= Marcopolis =

Marcopolis was a city in the late Roman province of Osrhoene. It is described at the beginning of the 7th century by the geographer George of Cyprus.

== History ==

Siméon Vailhé, writing at the beginning of the 20th century, says that the native name of the city is not known, and that it owes its Greek name to the Emperor Marcus Aurelius (121–180). Writing almost a century later, Maurice Sartre says that "Batnai of Anthemousia" (in Latinized form, Batnae of Anthemusia) was called Marcopolis in honour of the emperor Marcus Antonius Gordianus Pius Augustus (225–244). However, Steven K. Ross points out that Marcopolis and Barnae are listed as distinct episcopal sees in the Notitia Antiochena, showing that they are not the same place, though they may have been close to each other.

The kings of Osrhoene resided at Marcopolis before the 40s of the 3rd century.

The site of this city has not been found, but it may be at Sinjar.

== Bishops ==
Marcopolis was a Christian Bishopric during the Byzantine empire

The bishopric of Marcopolis is alluded to in the 6th-century Notitiæ episcopatuum of Antioch as a see of Osrhoene and thus as a suffragan of Edessa, the metropolitan see of that province.

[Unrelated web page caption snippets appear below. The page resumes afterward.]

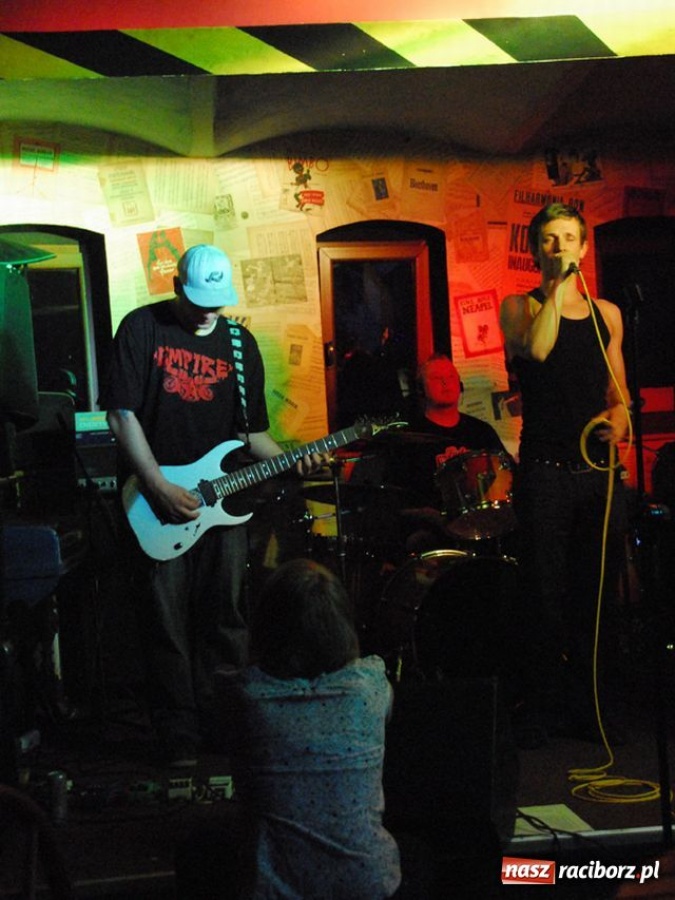 Zdjęcie w galerii na portalu naszraciborz.pl: Magiel towarzyski wiadomości z regionu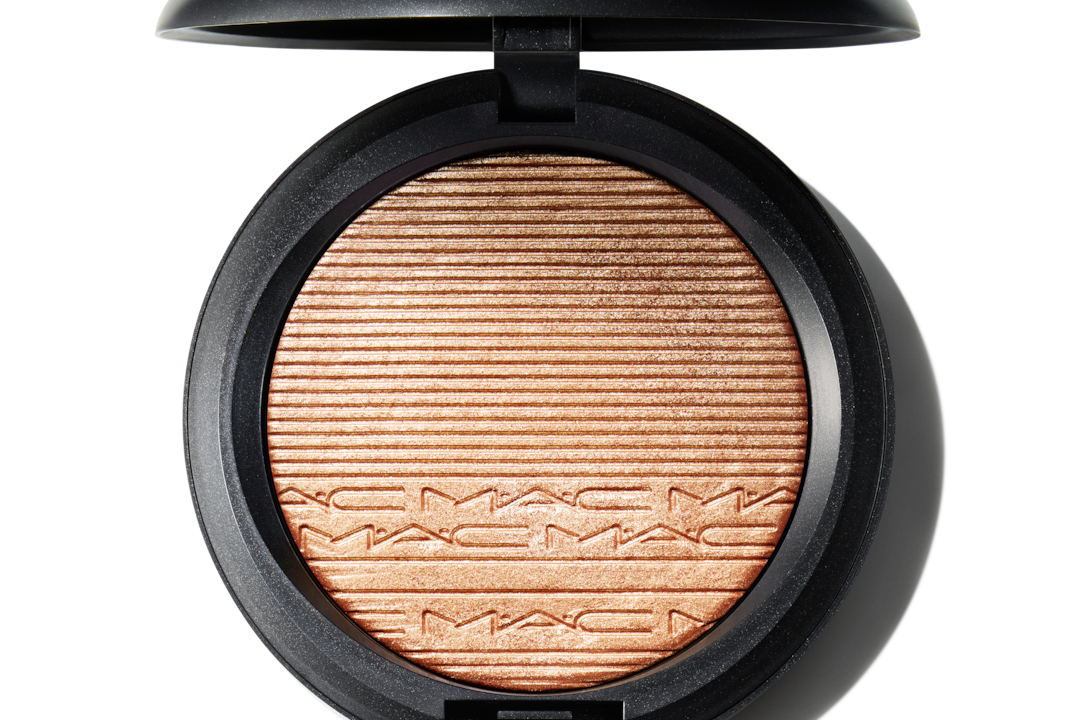 Iluminador Extra Dimension Skinfinish da MAC: brilho intenso e duradouro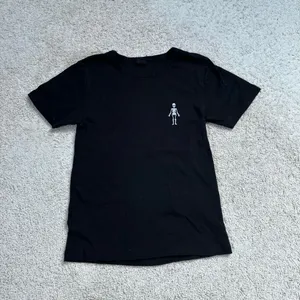 urban outfitters graphic tee thumbnail 1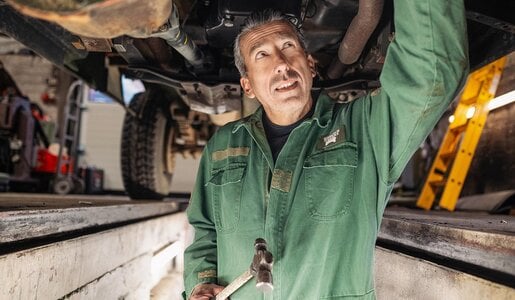 "Morlock Motors": Michael Manousakis muss eine Feuerwehr gründen | © Joyn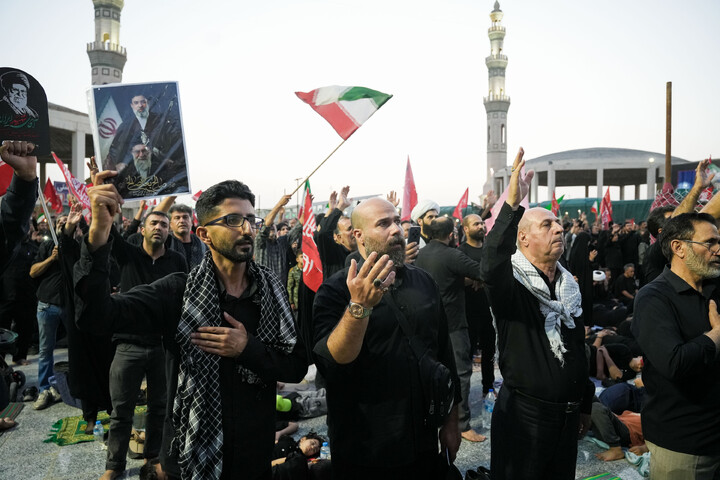 تصاویر/ اقامه نماز و و وداع با پیکر مطهر قائد شهید در مسجد مقدس جمکران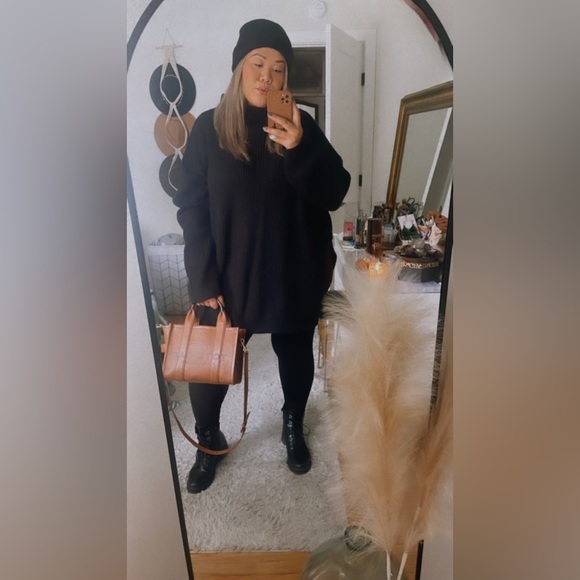 Meet your Posher, Malaya - Picture 2 of 3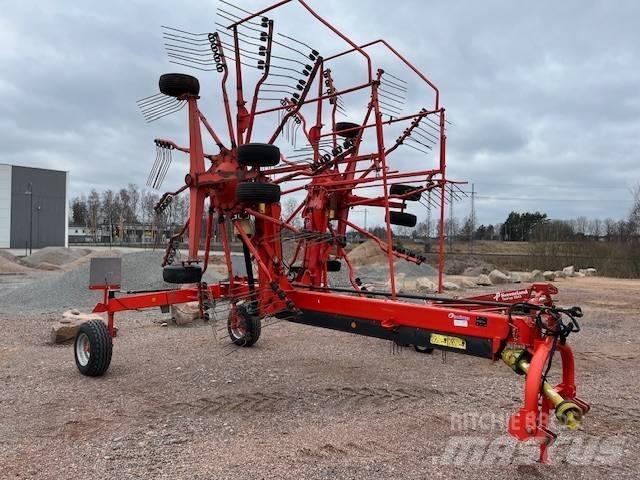 Kuhn GA 8121 Windrowers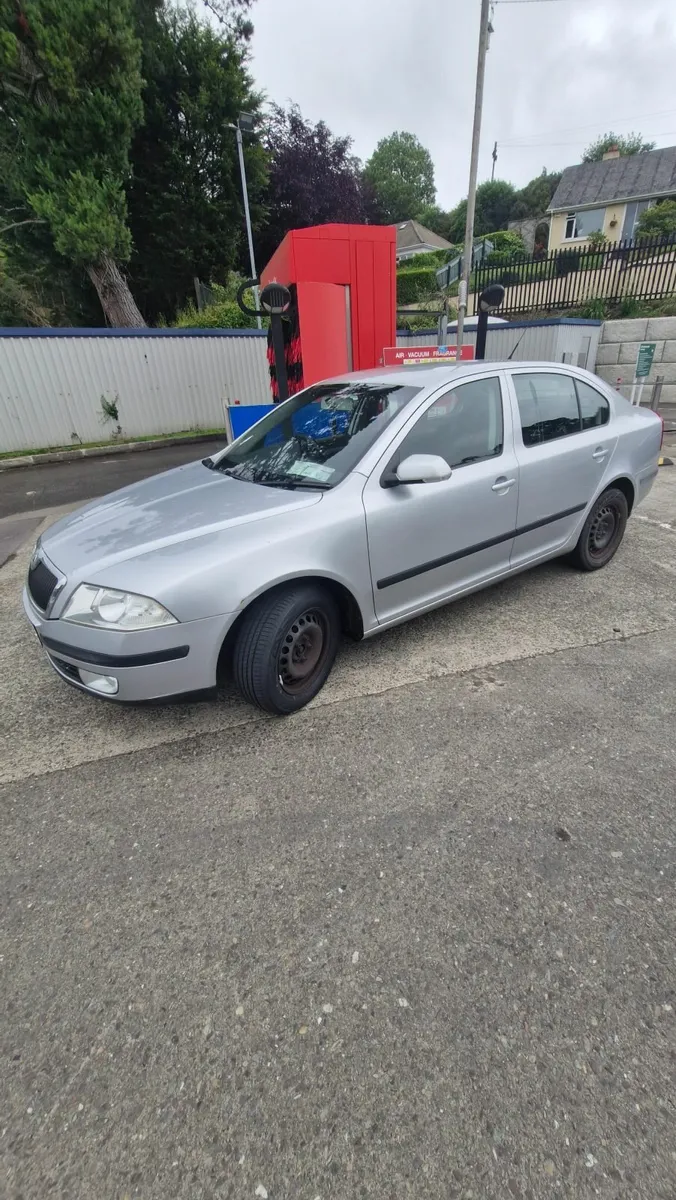 Skoda Octavia 2008 - Image 2
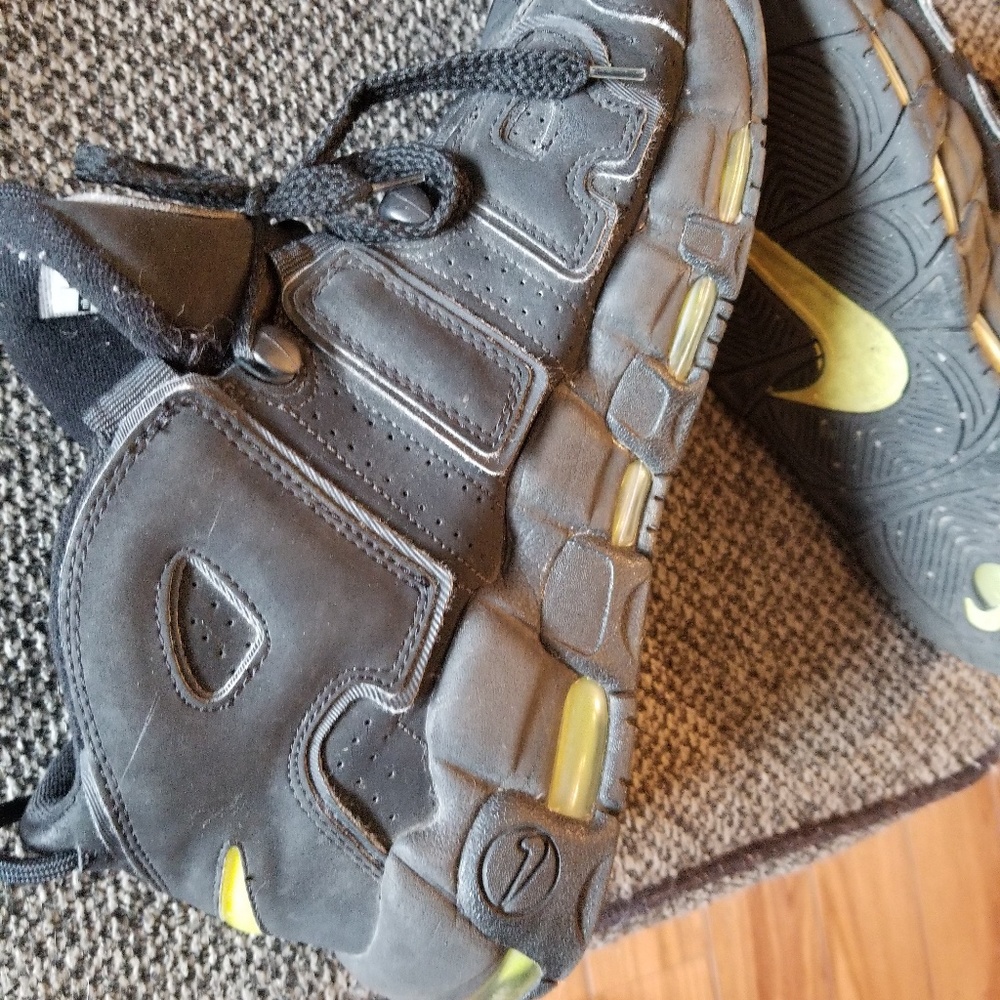 Scottie pippin shoe size 10.5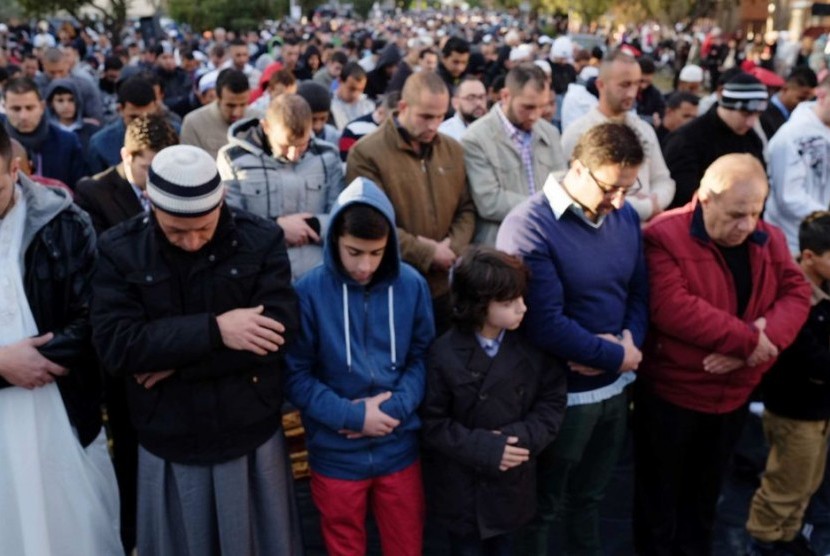 Umat Islam melaksanakan shalat idul fitri di daerah Lakemba, Sydney.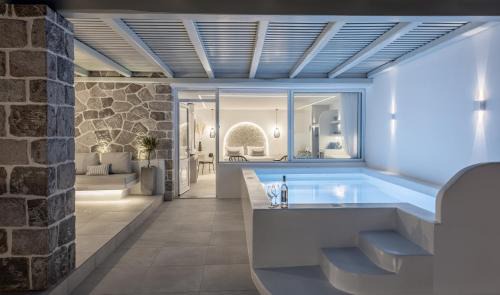Adamas House | Calma Suite Milos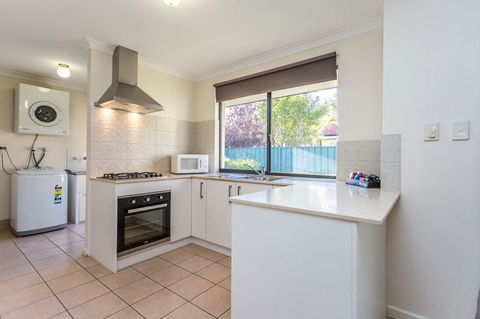 Country Comfort Perth - Accommodation Port Macquarie 14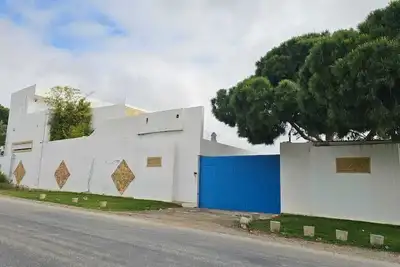 Image de Villa De Campagne avec piscine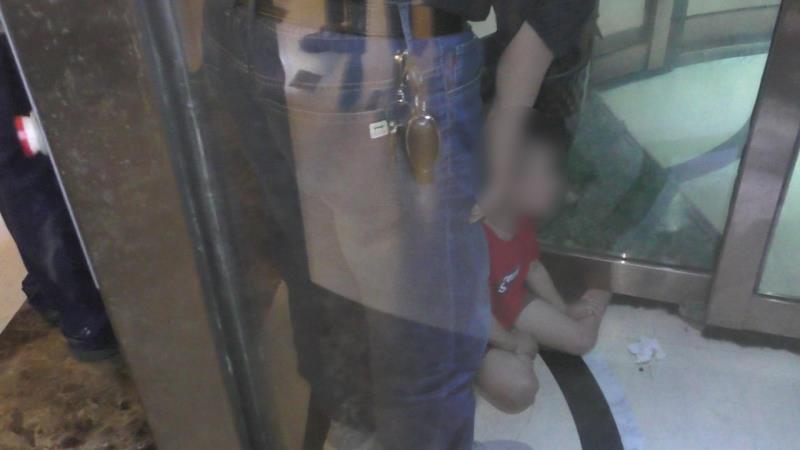 旋转门|调皮男孩脚卡旋转门 周口消防一杆撬杠3分钟成功救援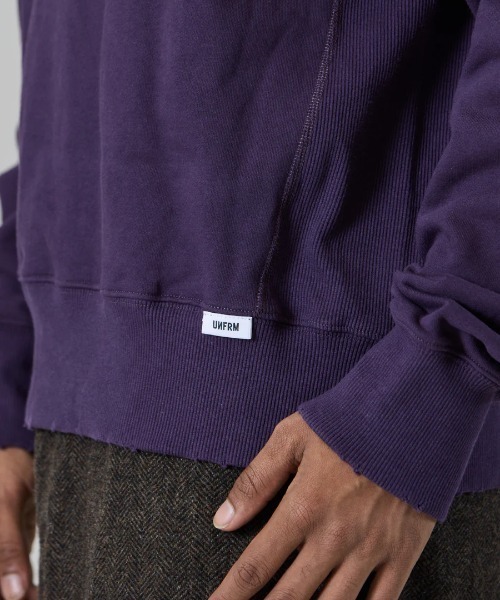 UNFRM OUTDOOR STANDARD(ユニフォームアウトドアスタンダード)の「【UNFRM OUTDOOR STANDARD:ユニフォームアウトドアスタンダード】HEAVY WEIGHT BOX CUT DAMAGE CREWNECK/ヘビーウェイトクルーネックスウェットトレーナー(スウェット・メンズ・パープル・MEDIUM/SMALL)」の6枚目の写真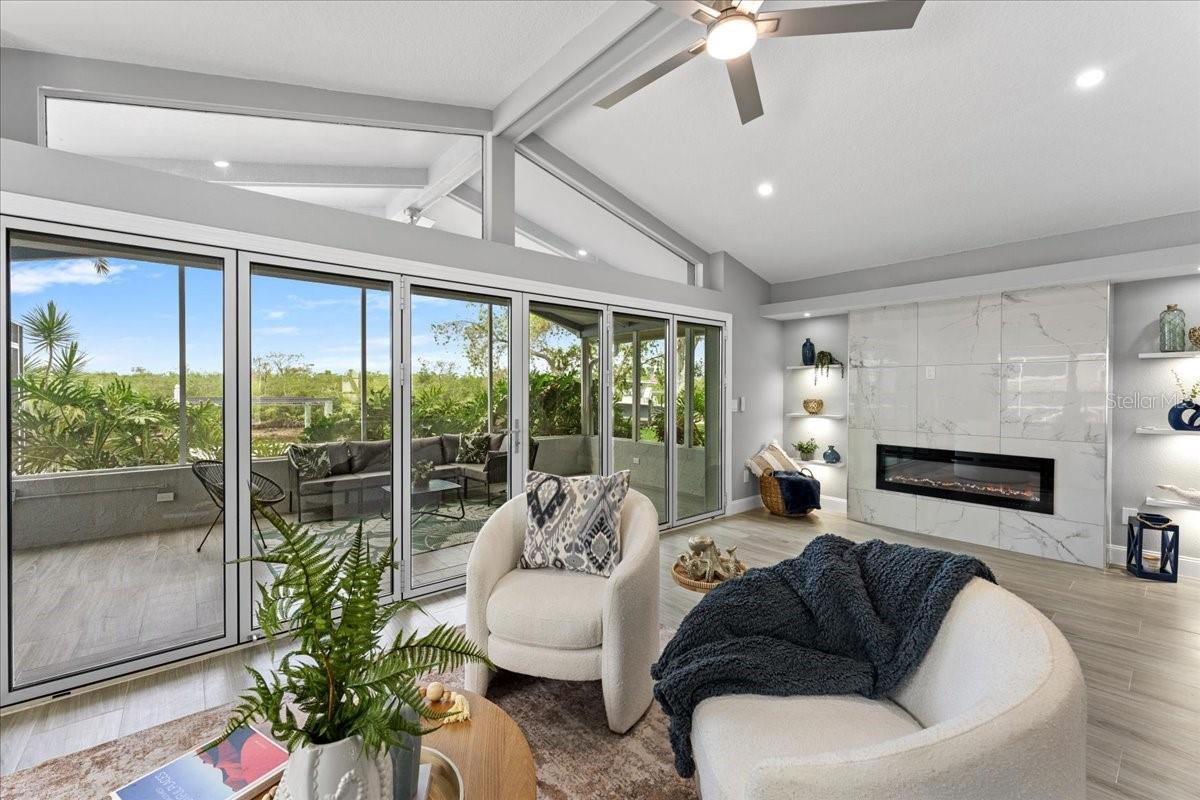 GULF HARBORS WOODLANDS - Residential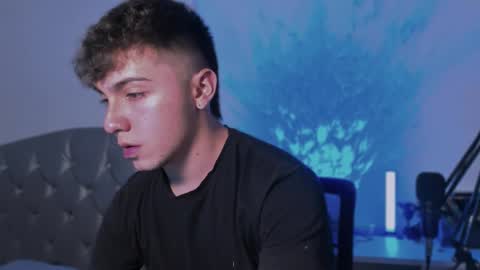 Snapshot of aron__cooper chatting on February 2025 02:30:01 AM aron__cooper online show from February 2025 02:30:01 AM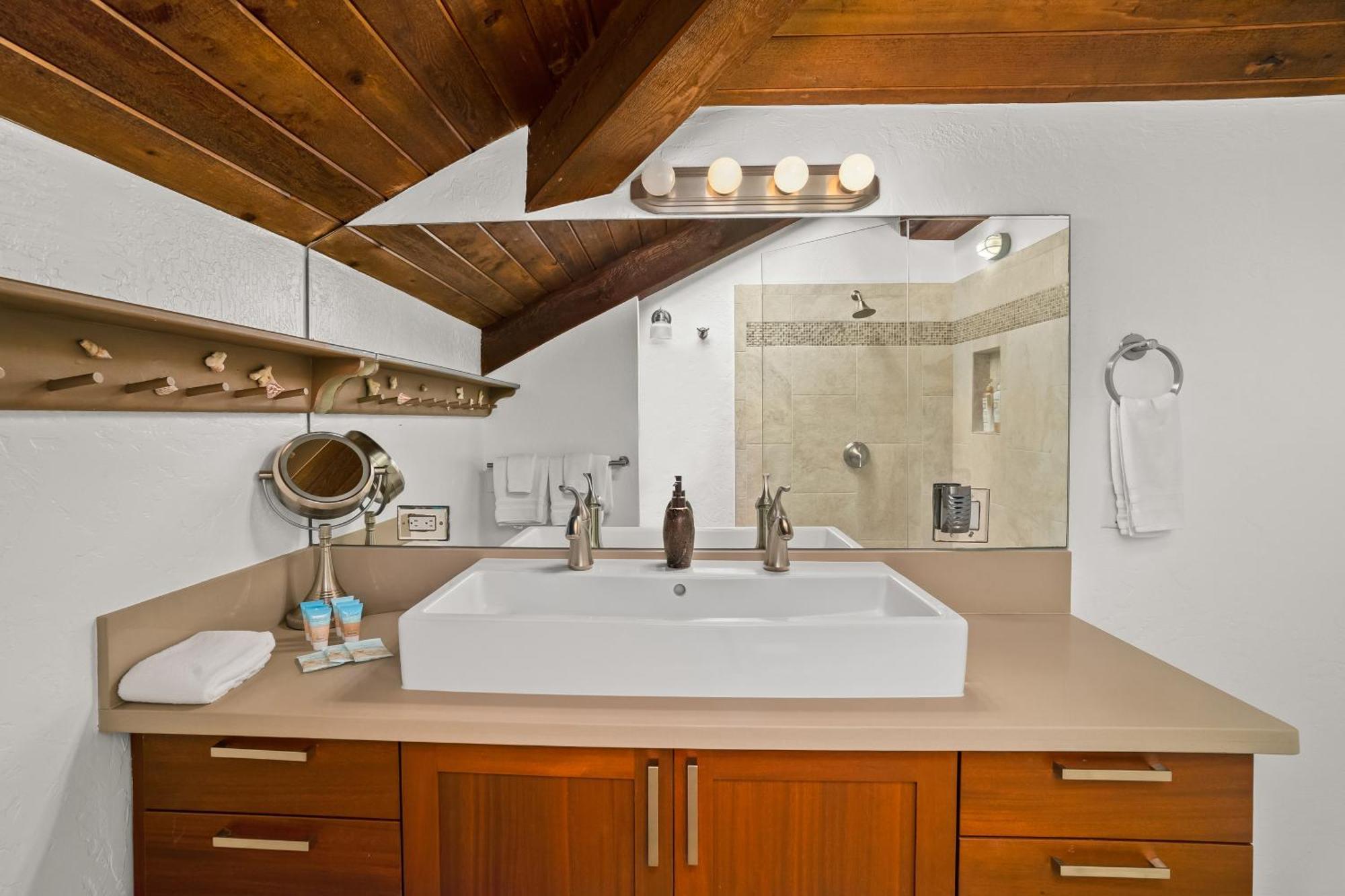 Coral Hale 5br 3ba Luxury Home, Ac, Hot Tub And Stunning Views * Princeville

Two of its early bishops are known:.
- Cyrus, who attended the First Council of Ephesus in 431;
- Caioumas, present at the Council of Chalcedon in 451

Eubel mentions four other titulars between 1340 and 1400, and a fifth from 1441 to 1453.

In modern times, Paul Durieu, O.M.I. (1830–1899), a French missionary in British Columbia, Canada, held this title while coadjutor for the apostolic vicariate of New Westminster.
The bishopric of Marcopoli survives as only as titular bishopric of the Roman Catholic Church and that office has been vacant since December 5, 1969.